One of the most rewarding parts of travel is when you get to partake in other culture’s traditions that differ from the ones you know from back home. Until preparing for this road trip around Sweden with Volvo I had never heard of Midsummer before. I would soon come to learn it is the 2nd most important holiday for the Swedes after Christmas.
So what is Midsummer?
Around mid June at the time of summer solstice, this celebration kicks off the summer season followed by a five-week annual holiday which is important in a culture with a short summer season. The day begins with the picking of flowers to adorn the maypole, the centerpiece of the celebration where people gather to sing and dance around with traditional songs. Everyone from men and women to boys and girls make flower crowns, and we even saw a few dogs with flower collars! The gatherings of community, friends and family proceed after the morning’s activities to a large banquet lunch traditionally of herring, boiled potatoes with toppings and a good amount of schnapps. Throughout the course of lunch a fun variety of midsummer songs are sung about always ending with a toast and another gulp of the fruity liquor. Toward the end of lunch the songs get quite a bit more racy as the drinking games progress all in good fun.

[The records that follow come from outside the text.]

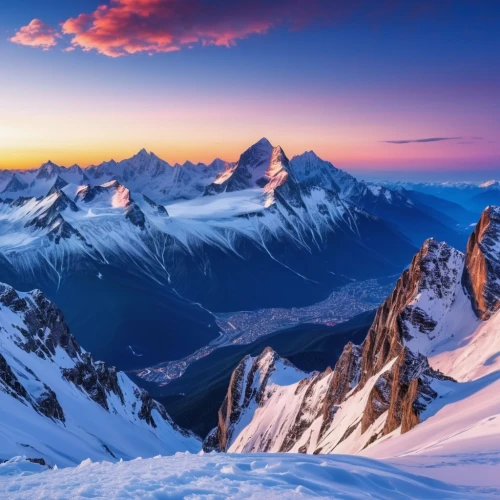 mont blanc,landscape mountains alps,bernese alps,the alps,snowy mountains,high alps,chamonix,snow mountains,alps,swiss alps,alpine sunset,snowy peaks,aiguille du midi,alpine landscape,mountain sunrise,japanese alps,alpes,mountains snow,ortler winter,alpine panorama,Photography,General,Realistic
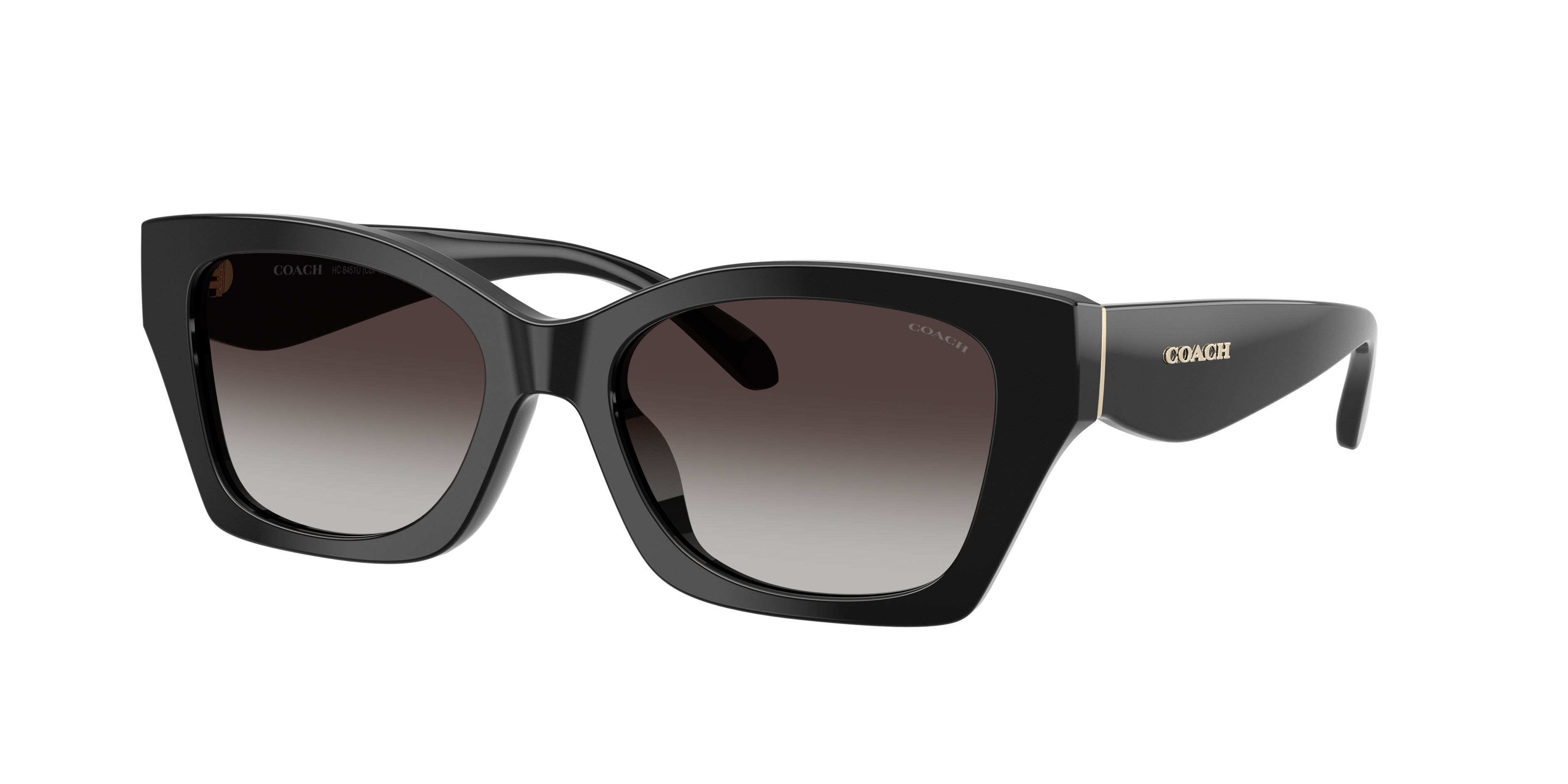 Coach Woman Sunglass CDP49 -  Frame color: Black, Lens color: Grey Gradient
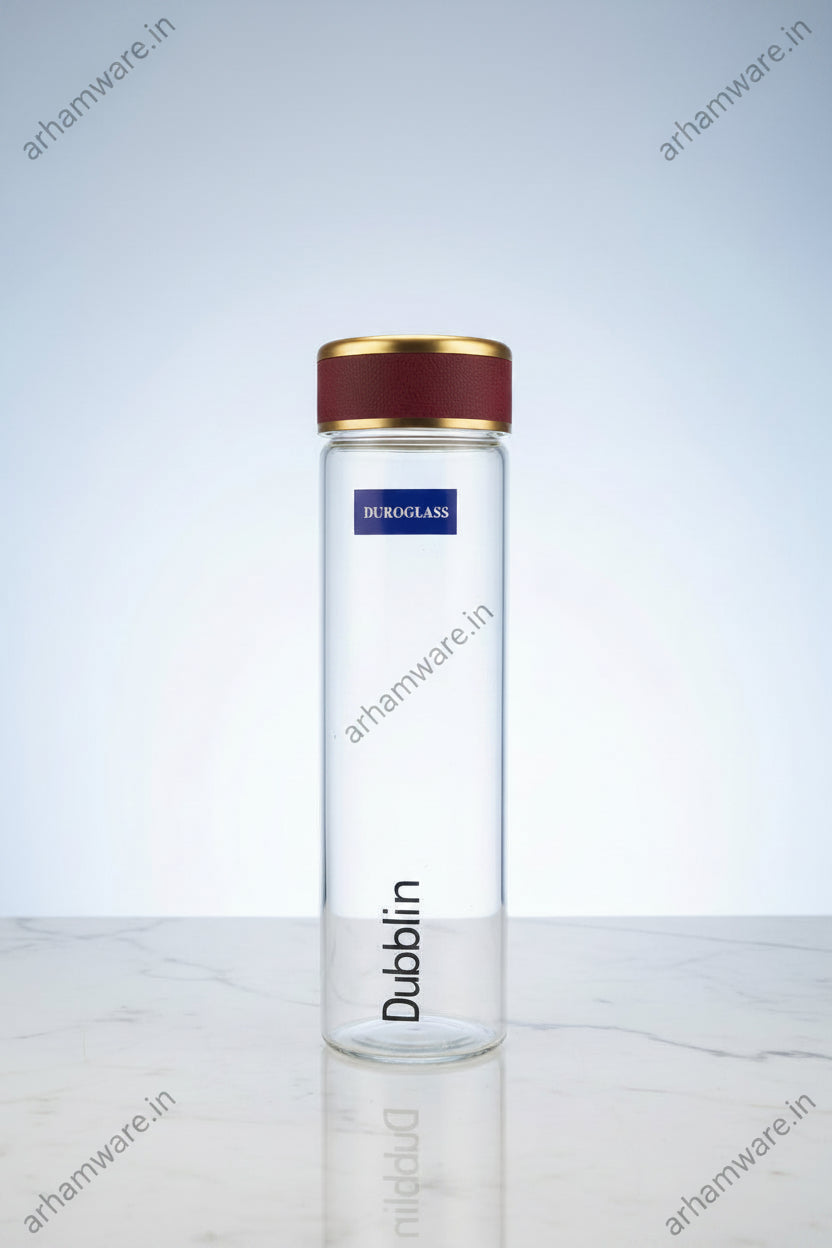Dubblin Dew 600ml Borosilicate Glass Bottle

It was absolutely magical to be immersed into this cultural tradition with our host family Vibs and Robert Sohlberg who made us feel like one of their own and who happen to own the wonderful little down to earth inn on the water, Slussens Pensionat, where we stayed during Midsummer. This hotel is such a fun escape with live music on the water and an organic, sustainable restaurant worth a visit even if you are not staying the night.
Perhaps my favorite tradition for Midsummer is the final of the night. You pick 7 different types of flowers from the garden and place them under your pillow and as legend goes, you will dream of your one true love. Now that is something I would like to bring back home with me.